I'm a little afraid of what I might do tonight.
Two days ago on my way home from work I passed a sign that had been put up in a neighbor's yard: "Meeting Friday Night about [Our Common Road]"
This winter this guy took about 30 acres of open pasture -- a Civil War battlefield -- and subdivided it and put up about 10 Hummer-Houses. (You can actually see part of it in this post.) People are starting to move into the houses now. Traffic on the little dirt road has tripled, quadrupled, since he did this.
I know what this guy wants to do: He wants to agitate to get our road paved.
He claims his house -- the first to be built on that pasture -- is dusty from the road. Damned right his house is dusty -- he plunked it down in a peninsula of pasture, surrounded on three sides by the road, and not a tree or shrub has he planted to shield the house. A spectacularly stupid bit of home-siting. A boy of five could have told him not to put his house there. (Several boys of five, lined up on their tricycles, shook their heads sadly and looked chopfallen as the bulldozers broke ground.)
But here's what's got me worried. In my interior monologue I am making this guy a scapegoat for every goddamned avaricious, mendacious, soul-destroying crime against sanity perpetrated by beauty-hating, know-nothing, land-raping, Iraq-invading, home-schooling, Christ-insulting, religion-perverting, Kerry-slandering, Abu-Ghraib-denying, history-mangling, language-destroying, WMD-inventing, plutocrat-tax-relieving, wingnut-judge-appointing ASSHOLE in the last five years.
Do you know, this morning a woman drove past me with a personalized license plate that said GOP GIRL and some frother bumperstickers -- and I flipped her the finger?
That's what I'm afraid of.

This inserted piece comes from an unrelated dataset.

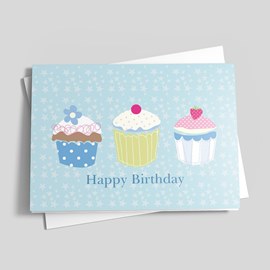 Cupcakes on Starry Background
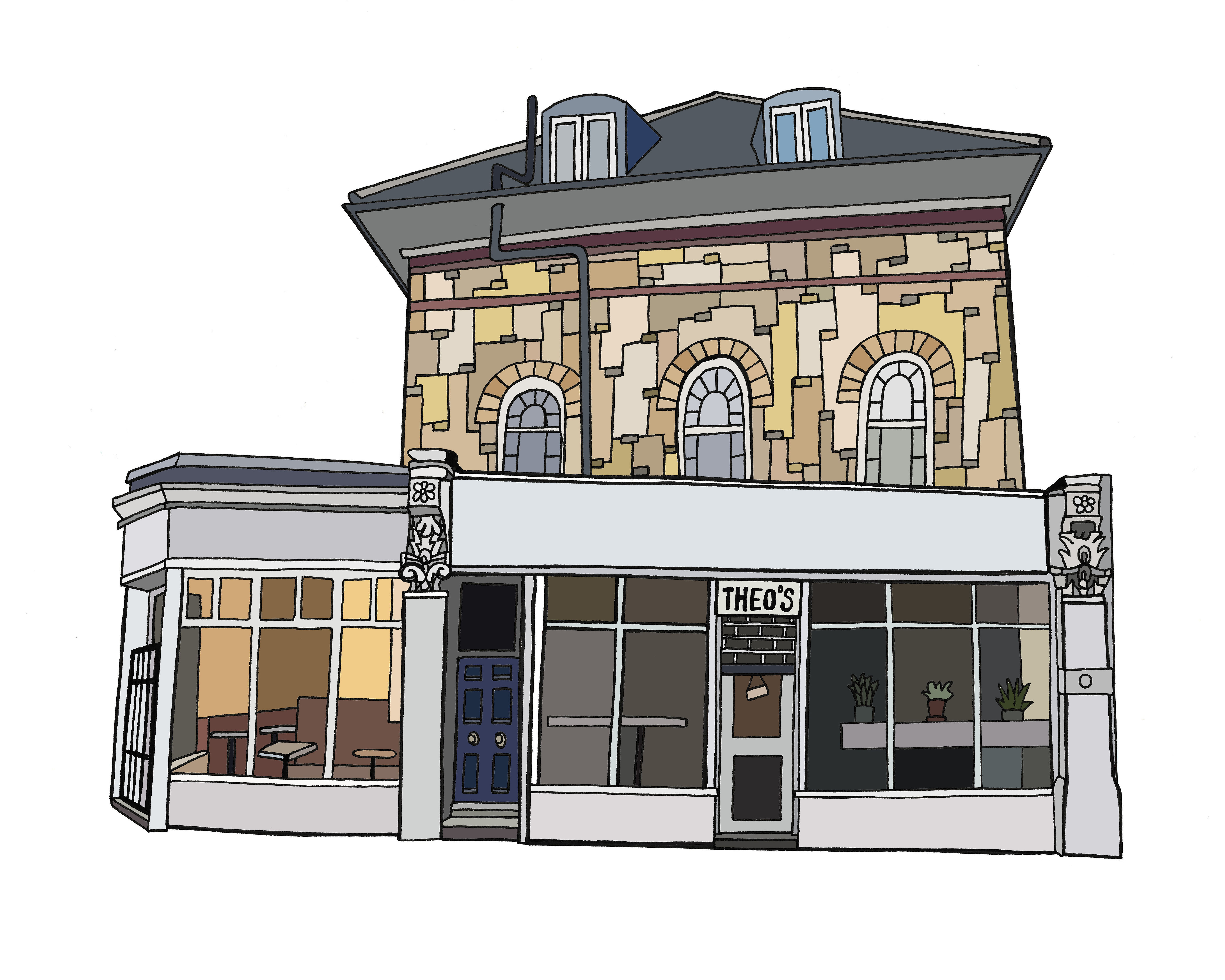 Theos Illustration in colour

I'm losing my mind. Civility gets harder and harder to fake.
17 comments:
I don't blame you Neddie...I feel the same way. Anybody who supports the lying weasly mothereffin asshole war criminal
sleazebags and their unholy insane criminal war on arabs iraquis muslims and the poor like gopgirl should get a finger.
How's that?
Why not go there and do a deadpan parody of these jokers, get yourself elected Deputy Shitbag and then do nothing. Keep coming to the meetings angrier than the last time shaking your head and your fists, blaming Hillary Clinton and Jesse Jackson.
Either that or show up wearing a Michael Moore T-Shirt, tell them to fuckthemselves into the rapture and then start singing "Gimme Three Steps" as you're headin' out for the door.
As far as the vanity plates and bumperstickers go, I for one am thankful they have them. They save us all a lot of time and trouble by clearly labeling themselves.
"Warning - I have determined that I am a chucklehead, and conversing with me may be hazardous to your sanity."
The Viscountess told me last night that she never thought the death of anyone could make her rejoice, but she knows in her heart that she would rejoice in the death of Rush Limbaugh. She said "Osama Bin Laden killed a few thousand people. Rush Limbaugh more than any single person helped to turn us into a nation of selfish boors reveling in our own stupidity."
I hate them for making us hate them.
My recent reading online has made it clear that we've turned some kind of corner. (By "we" I mean those of us with brains and heart - not the MFs your post is about.) I see more posts like yours and more comments like those on this page and I realize: We're sick and tired of these assholes and we're simply not going to put up with it anymore. They've proven that they're wrong, have no idea what they're talking about, and have no concern for others. So - screw it. Let 'em have it.
I rekon they get one chance to be human, to be smart, to be considerate when I'm dealing with them. After that, might as well let them know what I think of them. It's not like I'll be losing a friend!
aneurysm imminent.... simmer down.
McMansion aside, how exactly does the paving of a road become a Republican crime?
Oh, Lordy, how I relate!
You wanna talk scary? Lately, I've found myself slowing down behind any car festooned with rightie bumperstickers ...so there'll be enough room for me to achieve terminal velocity before I smash into their f*cking rear ends!
So far, I've caught myself in time...
Even scarier: the books fate has led me to since 11/02/04. I pick one up at random in the library the other day -- and its premise is how the assassination of Wm. McKinley jumpstarted the Progressive movement by scaring the shit out of the Robber Barons...!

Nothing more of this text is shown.